This is an analytics project that streams popular tweet data from Twitter related to a trending word and then analyzes it using Hadoop.
Tasks to be done:-
a) Run a Map Reduce Program.
a1) The Mapper will fetch the name and the retweet count and favourites after delimiting with ~9
a2) Mapper will filter null user
a3) Mapper will also read hdfs file line by line . This file will be called say NeglectTweetersList.
a4) Mapper will filter the rows and not include those rows which have their names specified in that file i.e. NeglectTweetersList
a5) Mapper will have key as User Name of the Tweeter. The corresponding value for the key would be in form of User Name@~RetweetCount@~Favourites Count
a6) Reducer will find the retweeters and favourites from the mappers output and find the net tweet count of that user using formulae :- 1 + retweeters count* 2 + faourites count *5 .
The result of all the reducer will come in form of 1 line per user like
Doug Cutting~9300 (where ~9 is delimiter and 300 is net tweet count)

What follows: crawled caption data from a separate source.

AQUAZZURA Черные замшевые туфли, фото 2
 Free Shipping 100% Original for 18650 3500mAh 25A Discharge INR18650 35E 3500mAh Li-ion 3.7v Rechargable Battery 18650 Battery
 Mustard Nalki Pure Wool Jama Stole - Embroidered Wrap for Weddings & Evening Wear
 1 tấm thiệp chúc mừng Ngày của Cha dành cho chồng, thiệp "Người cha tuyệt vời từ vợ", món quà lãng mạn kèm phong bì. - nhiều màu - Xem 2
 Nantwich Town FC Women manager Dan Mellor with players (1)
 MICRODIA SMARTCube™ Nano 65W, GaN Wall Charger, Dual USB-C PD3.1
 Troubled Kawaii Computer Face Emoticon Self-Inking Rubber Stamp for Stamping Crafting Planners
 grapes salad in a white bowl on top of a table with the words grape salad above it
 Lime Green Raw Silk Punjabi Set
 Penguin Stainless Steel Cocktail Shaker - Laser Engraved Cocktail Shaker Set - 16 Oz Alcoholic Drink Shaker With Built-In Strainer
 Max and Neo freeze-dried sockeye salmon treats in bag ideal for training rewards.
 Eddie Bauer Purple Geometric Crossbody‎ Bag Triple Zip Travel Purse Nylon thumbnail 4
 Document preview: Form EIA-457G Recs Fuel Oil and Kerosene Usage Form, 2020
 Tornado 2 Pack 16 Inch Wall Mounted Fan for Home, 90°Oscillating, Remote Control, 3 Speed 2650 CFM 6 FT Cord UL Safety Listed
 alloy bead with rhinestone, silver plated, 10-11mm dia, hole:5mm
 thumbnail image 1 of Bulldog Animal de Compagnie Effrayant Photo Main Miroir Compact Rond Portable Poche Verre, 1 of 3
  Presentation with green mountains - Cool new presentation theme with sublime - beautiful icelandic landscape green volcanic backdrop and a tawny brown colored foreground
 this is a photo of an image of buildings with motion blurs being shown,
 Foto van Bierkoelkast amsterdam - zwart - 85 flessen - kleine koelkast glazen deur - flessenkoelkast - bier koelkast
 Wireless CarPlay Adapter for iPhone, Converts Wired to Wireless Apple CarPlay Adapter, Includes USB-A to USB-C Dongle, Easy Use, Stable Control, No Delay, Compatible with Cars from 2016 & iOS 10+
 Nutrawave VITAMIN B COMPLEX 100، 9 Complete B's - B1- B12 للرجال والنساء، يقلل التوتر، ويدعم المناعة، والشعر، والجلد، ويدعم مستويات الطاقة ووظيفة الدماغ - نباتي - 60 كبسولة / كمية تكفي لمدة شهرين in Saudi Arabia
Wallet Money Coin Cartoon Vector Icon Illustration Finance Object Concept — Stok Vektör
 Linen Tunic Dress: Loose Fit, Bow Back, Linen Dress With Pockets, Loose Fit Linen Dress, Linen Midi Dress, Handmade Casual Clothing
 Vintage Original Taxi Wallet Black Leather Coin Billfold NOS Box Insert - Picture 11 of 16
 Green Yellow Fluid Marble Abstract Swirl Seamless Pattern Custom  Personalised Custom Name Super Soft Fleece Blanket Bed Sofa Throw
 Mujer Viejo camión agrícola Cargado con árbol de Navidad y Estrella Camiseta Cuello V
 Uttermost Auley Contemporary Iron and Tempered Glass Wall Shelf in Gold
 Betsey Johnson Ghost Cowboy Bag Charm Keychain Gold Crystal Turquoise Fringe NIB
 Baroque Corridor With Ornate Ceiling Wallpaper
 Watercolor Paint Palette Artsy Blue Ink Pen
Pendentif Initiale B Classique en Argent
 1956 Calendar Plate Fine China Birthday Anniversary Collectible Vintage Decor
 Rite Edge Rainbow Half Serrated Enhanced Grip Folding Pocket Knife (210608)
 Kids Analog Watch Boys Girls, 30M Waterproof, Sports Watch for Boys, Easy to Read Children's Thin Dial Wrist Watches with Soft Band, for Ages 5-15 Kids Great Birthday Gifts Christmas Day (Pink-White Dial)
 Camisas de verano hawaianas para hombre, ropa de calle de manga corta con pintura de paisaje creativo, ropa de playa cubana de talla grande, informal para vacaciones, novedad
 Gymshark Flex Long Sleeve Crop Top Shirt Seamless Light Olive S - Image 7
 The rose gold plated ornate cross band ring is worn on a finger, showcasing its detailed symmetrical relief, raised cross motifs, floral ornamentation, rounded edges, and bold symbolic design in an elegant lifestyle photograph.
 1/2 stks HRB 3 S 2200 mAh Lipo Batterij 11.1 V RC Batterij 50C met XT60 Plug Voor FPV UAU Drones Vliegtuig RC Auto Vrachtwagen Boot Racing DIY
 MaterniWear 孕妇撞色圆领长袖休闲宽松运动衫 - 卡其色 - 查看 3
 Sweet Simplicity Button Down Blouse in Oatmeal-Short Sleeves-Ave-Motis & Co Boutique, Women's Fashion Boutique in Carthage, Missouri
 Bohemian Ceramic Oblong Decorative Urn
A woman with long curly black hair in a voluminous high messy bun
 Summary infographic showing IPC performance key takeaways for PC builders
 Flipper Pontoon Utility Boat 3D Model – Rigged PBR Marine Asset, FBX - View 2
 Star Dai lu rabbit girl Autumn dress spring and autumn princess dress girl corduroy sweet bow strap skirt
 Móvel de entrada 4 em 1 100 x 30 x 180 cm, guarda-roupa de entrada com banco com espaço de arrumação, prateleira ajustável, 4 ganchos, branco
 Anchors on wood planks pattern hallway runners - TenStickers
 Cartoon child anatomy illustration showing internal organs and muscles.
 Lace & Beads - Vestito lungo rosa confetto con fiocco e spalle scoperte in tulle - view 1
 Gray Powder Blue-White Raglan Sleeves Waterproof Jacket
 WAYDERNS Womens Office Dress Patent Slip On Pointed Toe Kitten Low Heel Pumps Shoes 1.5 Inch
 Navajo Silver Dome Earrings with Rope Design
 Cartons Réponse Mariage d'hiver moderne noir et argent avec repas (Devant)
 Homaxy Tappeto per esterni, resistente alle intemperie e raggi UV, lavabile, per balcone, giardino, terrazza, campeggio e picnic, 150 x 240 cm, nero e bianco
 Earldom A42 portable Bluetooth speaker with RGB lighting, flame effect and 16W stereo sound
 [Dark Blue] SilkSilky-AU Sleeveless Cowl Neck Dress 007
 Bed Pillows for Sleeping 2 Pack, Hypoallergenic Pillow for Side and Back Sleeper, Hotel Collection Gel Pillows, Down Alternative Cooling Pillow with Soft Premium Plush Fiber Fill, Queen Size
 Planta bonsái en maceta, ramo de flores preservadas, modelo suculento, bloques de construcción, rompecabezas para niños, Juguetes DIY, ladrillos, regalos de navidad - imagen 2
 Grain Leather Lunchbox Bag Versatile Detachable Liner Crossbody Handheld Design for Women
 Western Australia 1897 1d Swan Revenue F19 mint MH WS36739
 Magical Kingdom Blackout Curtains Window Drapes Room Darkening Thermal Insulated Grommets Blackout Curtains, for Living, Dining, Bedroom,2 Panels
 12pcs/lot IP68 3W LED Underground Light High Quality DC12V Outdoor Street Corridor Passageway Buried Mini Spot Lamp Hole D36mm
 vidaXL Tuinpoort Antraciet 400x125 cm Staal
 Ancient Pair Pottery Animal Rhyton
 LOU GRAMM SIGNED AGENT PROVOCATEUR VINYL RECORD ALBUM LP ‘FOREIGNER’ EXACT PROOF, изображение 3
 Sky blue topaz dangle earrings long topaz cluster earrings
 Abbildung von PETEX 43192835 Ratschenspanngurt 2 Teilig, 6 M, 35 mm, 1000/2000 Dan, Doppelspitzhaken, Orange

This output file say X will be loaded into hive table TweetData
-
The table containg information of employee with the employer will be in mysql
-
This table will be loaded into hive table say MasterData using sqoop.
-
The final result will aggregate results for tweeters from same company into a hive table.
-
This table will be exported into hdfs file and then brought to local file system.